═════ DATA IN THIS EXERCISE

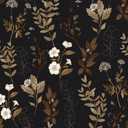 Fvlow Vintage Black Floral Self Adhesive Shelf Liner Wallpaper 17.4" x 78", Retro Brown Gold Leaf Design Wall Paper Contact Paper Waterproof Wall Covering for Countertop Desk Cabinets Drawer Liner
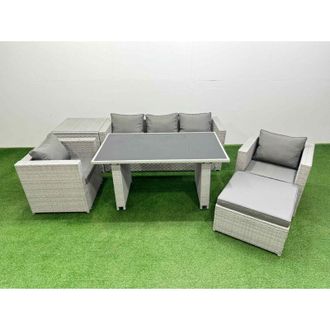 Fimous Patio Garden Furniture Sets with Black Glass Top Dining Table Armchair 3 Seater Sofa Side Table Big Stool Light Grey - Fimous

══════════
═════ DATA IN THIS EXERCISE

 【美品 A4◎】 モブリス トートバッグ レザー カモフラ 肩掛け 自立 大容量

══════════
═════ DATA IN THIS EXERCISE

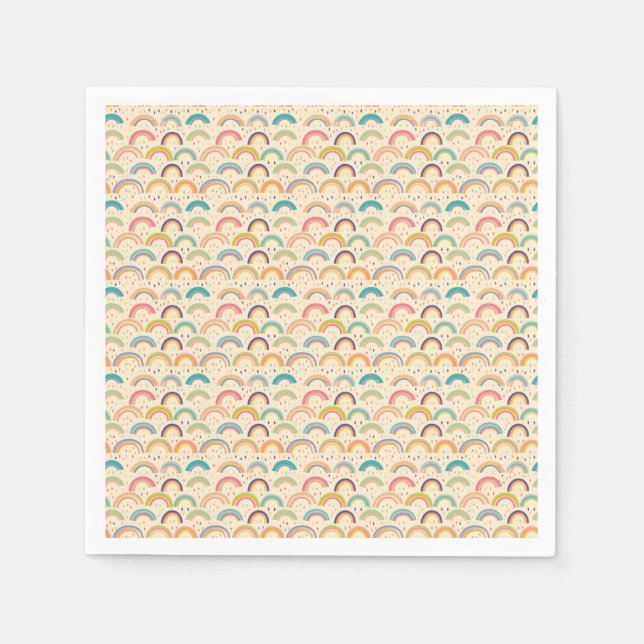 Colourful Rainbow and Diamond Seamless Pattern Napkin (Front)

══════════

Restate the lines above from the one containing "Fvlow Vintage Black" through the one containing "Fimous Patio Garden", inclusive, exactly and without pictures.

 Fvlow Vintage Black Floral Self Adhesive Shelf Liner Wallpaper 17.4" x 78", Retro Brown Gold Leaf Design Wall Paper Contact Paper Waterproof Wall Covering for Countertop Desk Cabinets Drawer Liner
 Fimous Patio Garden Furniture Sets with Black Glass Top Dining Table Armchair 3 Seater Sofa Side Table Big Stool Light Grey - Fimous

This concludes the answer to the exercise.